But from the time casting was first announced to the film’s release in the summer of 1963, the biggest topic of conversation and critical bone of contention surrounding Toys in the Attic was the casting of actor/entertainer Dean Martin in the role that had won Jason Robards a Tony nomination. Martin was no stranger to movies, having appeared in more than 20 features by the time he was cast opposite such theatrical veterans as Page and Hiller. It was simply that few had confidence that the lightweight, notoriously easygoing half of the Martin & Lewis comedy team had the range and dramatic chops to tackle this, the most substantial of his rare dramatic screen appearances. 

Toys in the Attic was not a success, in fact, it was a resounding flop.
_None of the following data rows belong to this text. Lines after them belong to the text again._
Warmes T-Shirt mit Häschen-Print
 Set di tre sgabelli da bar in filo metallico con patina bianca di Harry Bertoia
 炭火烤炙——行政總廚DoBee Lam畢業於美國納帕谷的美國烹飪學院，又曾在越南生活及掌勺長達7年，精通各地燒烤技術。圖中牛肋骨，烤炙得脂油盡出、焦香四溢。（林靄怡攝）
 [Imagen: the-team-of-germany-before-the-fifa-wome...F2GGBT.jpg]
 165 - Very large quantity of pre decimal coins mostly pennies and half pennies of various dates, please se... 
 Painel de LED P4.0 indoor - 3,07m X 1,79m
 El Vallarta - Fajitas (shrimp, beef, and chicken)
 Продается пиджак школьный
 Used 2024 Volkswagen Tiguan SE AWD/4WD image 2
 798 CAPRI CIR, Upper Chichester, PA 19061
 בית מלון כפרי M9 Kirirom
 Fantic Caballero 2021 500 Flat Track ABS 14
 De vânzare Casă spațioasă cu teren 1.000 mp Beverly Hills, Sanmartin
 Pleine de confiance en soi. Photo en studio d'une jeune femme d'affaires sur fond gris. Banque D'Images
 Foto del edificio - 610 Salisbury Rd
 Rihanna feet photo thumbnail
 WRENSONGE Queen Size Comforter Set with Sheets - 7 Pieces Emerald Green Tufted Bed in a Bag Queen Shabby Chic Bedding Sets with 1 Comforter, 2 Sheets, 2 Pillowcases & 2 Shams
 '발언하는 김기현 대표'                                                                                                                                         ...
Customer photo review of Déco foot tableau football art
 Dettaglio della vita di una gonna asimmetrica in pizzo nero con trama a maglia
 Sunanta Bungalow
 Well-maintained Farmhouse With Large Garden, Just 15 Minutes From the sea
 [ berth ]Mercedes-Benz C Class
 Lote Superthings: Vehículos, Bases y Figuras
Critics, citing battle fatigue over the whole clutch-the-pearls-while-I-fan-myself genre, called it a minor Southern Gothic and complained that James Poe’s adaptation undercut the complexity of Heller’s characters and supplanted the play’s pessimistic conclusion with a provisionally “happy” ending. Even George Roy Hill was dissatisfied with the result, calling the film the least successful of his works. And while Page and Hiller emerged with their reputations intact, critical response to Martin’s performance was so harsh he never tackled so sizable a dramatic role again.
Such Devoted Sisters
Personally, I place myself in the opposite camp, entirely. I've enjoyed Toys in the Attic since I first saw it as a teen when it popped up occasionally on television on The Late Show. I'm not aware of whether or not it ever had a VHS release, but it's one of those films that never seems to show up on cable, and now appears to be out of print after having been released on DVD in 2010.
I recently got my hands on a copy (first time seeing it in decades) and was pleased to discover it to be even better than I remembered. Sure, it's no The Little Foxes, yet it tells its story with an economy and visual style that perfectly serves its tone of mounting suspense and escalating tensions. It's a dynamic, emotionally rich showcase for the talented cast and a great many Southern Gothic clichés, ultimately managing to enthrall and entertain in spite of its flaws. 
Nan Martin as Charlotte Watkins

WHAT I LOVE ABOUT THIS FILM
Much of Toys in the Attic is said to be autobiographical, down to Hellman setting the story in her hometown of New Orleans, basing the character of Julian on her salesman father (who had two clinging sisters), referencing an aunt who had an affair with her African-American chauffeur, and, as per the play’s themes of latent incest, drawing upon her own adolescent feelings towards an uncle.
I credit this as the reason why the relationships in Toys in the Attic resonate with so much emotional authenticity. Even when the sometimes-overreaching aspects of a melodramatic subplot—involving a land swindle and an emotionally abused wife (Nan Martin) seeking escape—threaten to overwhelm the proceedings, what remains compelling are the complex dynamics in the relationship between the three siblings, and the threat Lily poses as a clingy interloper in their long-established cycle of dysfunction.
The selfish, crippling side of love rears its head when the
 always-in-need-of-rescue Julian finds someone who needs him.
Like Julian, I am the only boy in my family. While I was never exactly doted on by my four sisters, I remained somehow shielded and apart from the tensions and issues they shared amongst themselves; a fact which engendered resentment from some, envy in others. There was no lack of love between us, but the way we were viewed and related to by our parents (I could do no wrong, my sisters fell under strict scrutiny) affected how we viewed and related
What I most responded to in Toys in the Attic is how it captures the curious way some families can handle the failures of its members with far more generosity and grace than they do the successes. How living with unhappiness (as long as it means things will remain unchanged) can be a less frightening prospect to people than taking the kinds of risks that can bring about true happiness.
Confrontations and Confessions
"When you love, you take your chances on being hated by speaking out the truth."

PERFORMANCES
If you don’t like Geraldine Page, I doubt you’ll much care for Toys in the Attic. She’s the entire show. And what a show it is. Wendy Hiller (underplaying nicely and turning stillness into an art) is the grounded center around which Page’s Tasmanian Devil of a faded southern belle spins uncontrollably and destructively. Playing a delusional, manipulative character whose life of peculiarly selfish selflessness has left her a throbbing mass of unrecognized desires, Page is simply forceful and more than a little frightening.   
Baby Doll
What's a Southern Gothic without a brass bed and rumpled sheets?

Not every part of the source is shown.